Boot Camp and Chamberlin

Neutrino Astrophysics with IceCube

With the discovery of the neutrino 50 years ago the idea emerged to build a detector large enough to study neutrinos from astrophysical sources. High energy neutrinos as cosmic messengers from the Universe represent a new tool that will address some of the most exciting questions in extreme astrophysics, cosmic ray physics and particle physics.

The IceCube detector, currently under construction at the South Pole, is a large-scale detector to identify the sources of the highest energy neutrinos. When completed in 2011, IceCube will occupy a cubic kilometer of deep Antarctic ice, from a depth of 1450 to 2450 meters. It will provide a new window to the Universe to answer questions about phenomena as diverse as supernovae, dark matter, Gamma Ray Bursts, and active galaxies. It will also produce new and exciting challenges -- the history of astronomy shows that forays into new wavelength regions have invariably resulted in the discovery of new phenomena.
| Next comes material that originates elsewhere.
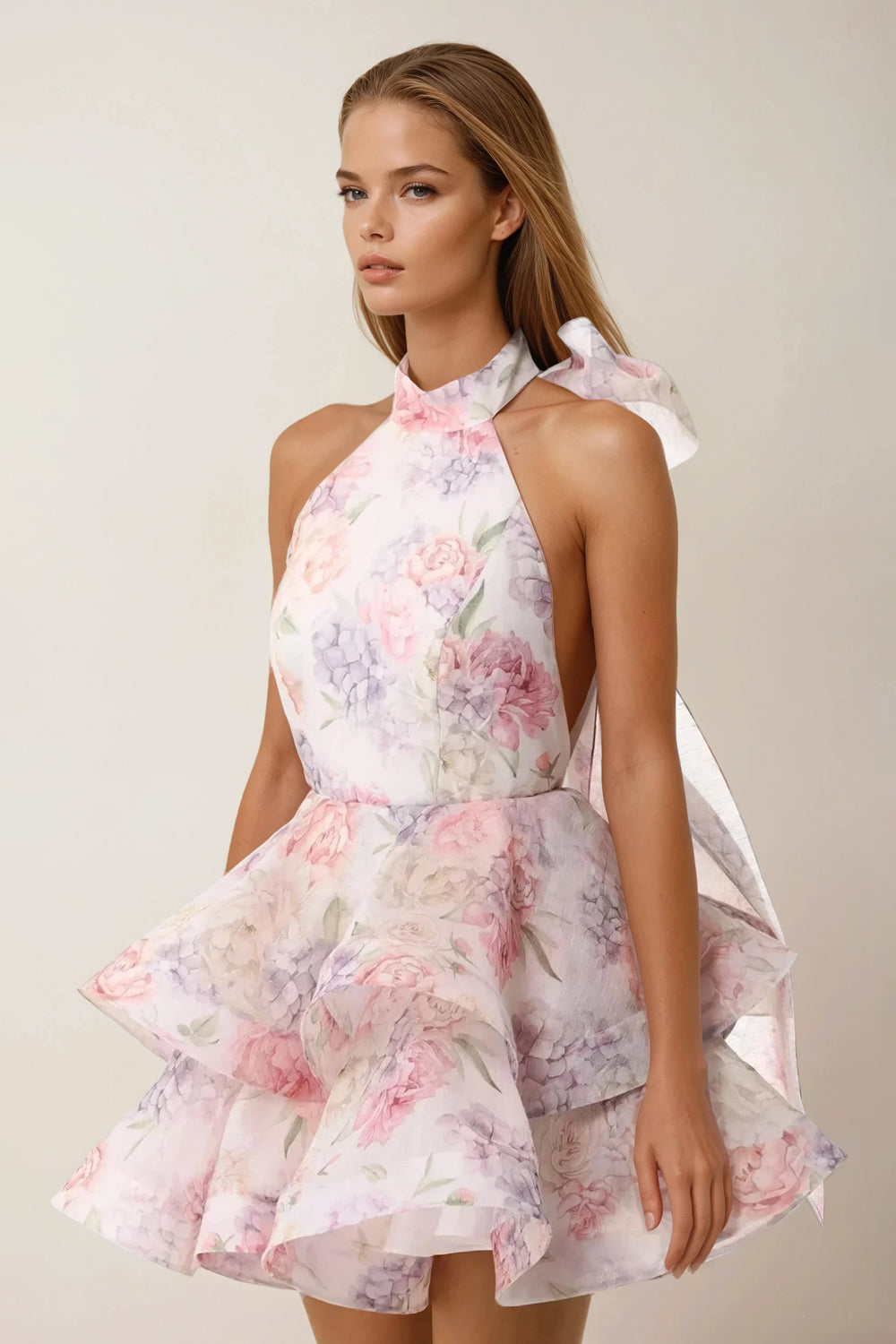 Halter Neck Mini Dress with Layered Skirt and Bow Back - Pink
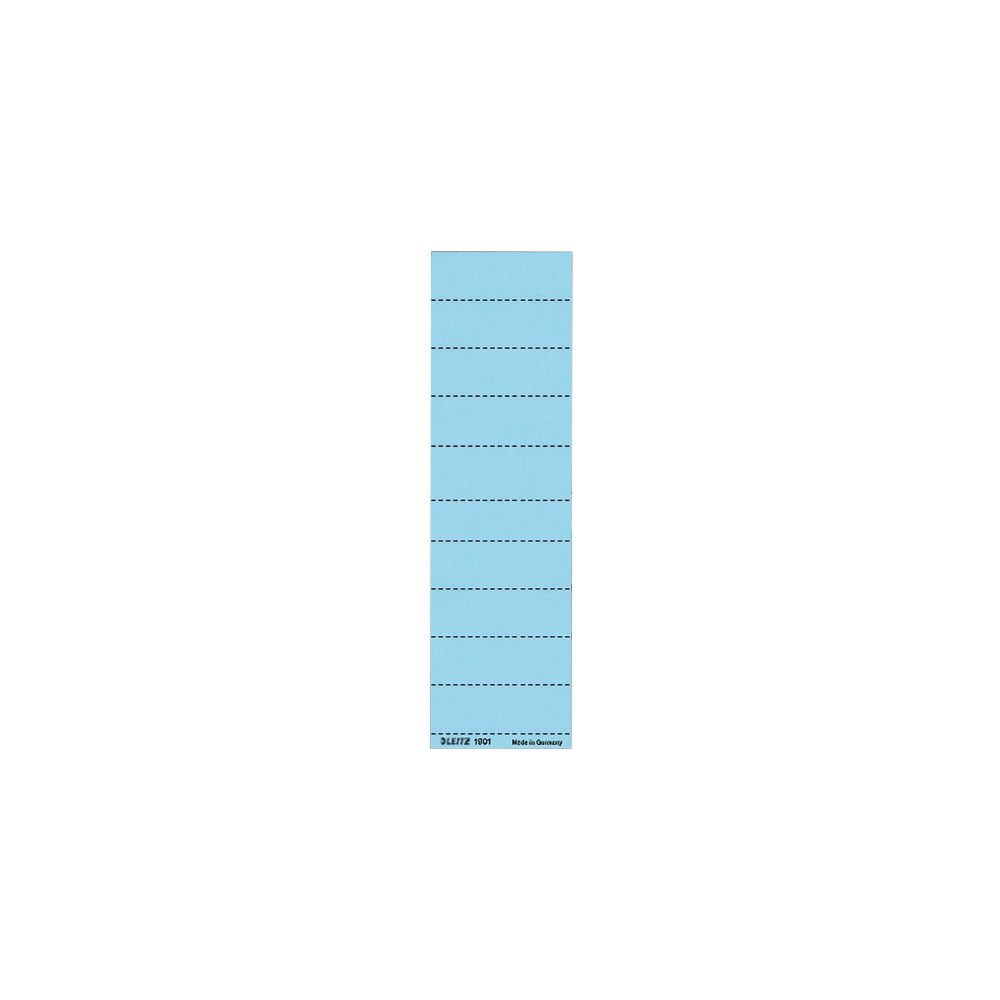 Leitz ALPHA Beschriftungsschilder 1901 Für Vollsichtreiter 6114 4-zeilig beschriftbar Blau Karton 6 x 21,5 cm 100 Stück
Neutrinos are notoriously hard to detect and large detector volumes are necessary to see a sufficient number during the lifetime of the detector. Nearly 5000 optical modules with photomultiplier tubes in the deep ice will comprise the finished Observatory. These light detectors register the Cherenkov light produced by neutrino-induced muons going through the detector volume. The potential signal of astrophysical neutrinos is hidden in a large background produced by muons from cosmic ray interactions in the atmosphere. In IceCube, the Earth is used as a filter to search for upward going neutrino events.

IceCube continuously scans the skies for supernova explosions in our galaxy and, possibly, for the birth of the supermassive black holes that power quasars. As the strings of the IceCube detector come online, data becomes available for analysis almost immediately. At the beginning of 2008, 2400 in-ice optical modules were already deployed.

UW-Madison is the lead institution for the IceCube project funded by the Division of Physics and the Office of Polar Programs of the National Science Foundation. IceCube is a collaboration that, by 2008, includes over 30 institutions from the United States and around the world. IceCube graduate students contribute to the design, construction and calibration of the hardware and software of IceCube, often traveling to the Amundsen-Scott South Pole Station to assist with deployment and maintenance. In Madison, aside from a strong involvement in all the science aspects of the experiment, from point-source studies and Gamma-Ray bursts, to diffuse fluxes of neutrinos and supernova collapses, and astrophysical source modeling, we lead the data acquisition efforts and contribute to the preparation of all the tools for data analysis such as reconstruction of particle tracks and simulation. Along with faculty at UW-Madison, graduate students are also doing R&D for enhancements to IceCube, taking advantage of the long and successful history of an experiment at the South Pole. This includes the possibility of detecting the highest energy neutrinos by radio techniques.

The neutrino astronomy group can offer graduate students hardware as well as data analysis experience. Also a theory effort with a long history in neutrino astronomy supports the experiment.